Para Ulama Salaf menganjurkan kepada pendidik agar menggunakan perkataan yang lembut, tawadhu', mencintai mereka, dan memperlakukan mereka dengan baik. Bila pendidik melakukan yang demikian, peserta didik akan merasa senang, nyaman, tentram, dan damai, sehingga ilmu yang disampaikan oleh seorang guru akan sampai dan melekat di hati dan ingatan murid-muridnya.Â
Rasulullah Saw. juga menganjurkan untuk bersikap lemah lembut dalam segala urusan.

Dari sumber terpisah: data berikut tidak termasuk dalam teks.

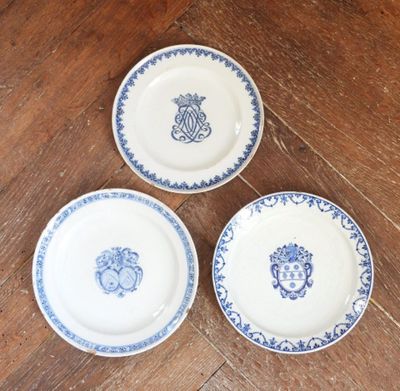 trois assiettes ornées de motifs bleus et blancs, posées sur une table en bois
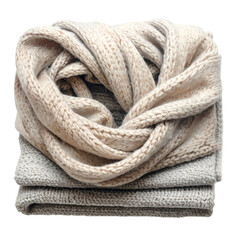 Folded knitted scarf and sweater are stacked neatly.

Rasulullah Saw. bersabda "Wahai Aisyah, sesungguhnya Allah itu Mahalembut dan mencintai kelembutan di dalam semua urusan." (HR. Bukhari & Muslim)
Di masa sekarang, banyak diantara pendidik yang bersikap otoriter, sewenang-wenang, ingin menang sendiri, maunya didengarkan dan tidak mau mendengarkan pendapat peserta didik sehingga di kelas mereka diam, bungkam, dan tenggelam dalam dialog panjang di dalam kepala mereka.
Buya Hamka menyampaikan renungan dengan kalimat yang indah dalam buku yang berjudul "Lembaga Budi". Buya Hamka menuturkan, "banyak guru agama dan orang tua yang gagal dan mengeluh karena kegagalannya. Nasehat dan pelajaran agama yang diberikannya tidak segera diterima oleh orang banyak atau keluarganya. Apakah muasal penyebabnya? hal ini karena ia mendahulukan Nadzir daripada Basyir (mendahulukan ancaman daripada bujukan). Mendahulukan 'Usran
daripada Yusran (mendahulukan yang sukar daripada yang mudah). Dia menghardik, mengusir, menghujat. Bukan merangkul dan mengumpulkan, dan ketika ia gagal, pihak lain pula yang disalahkannya."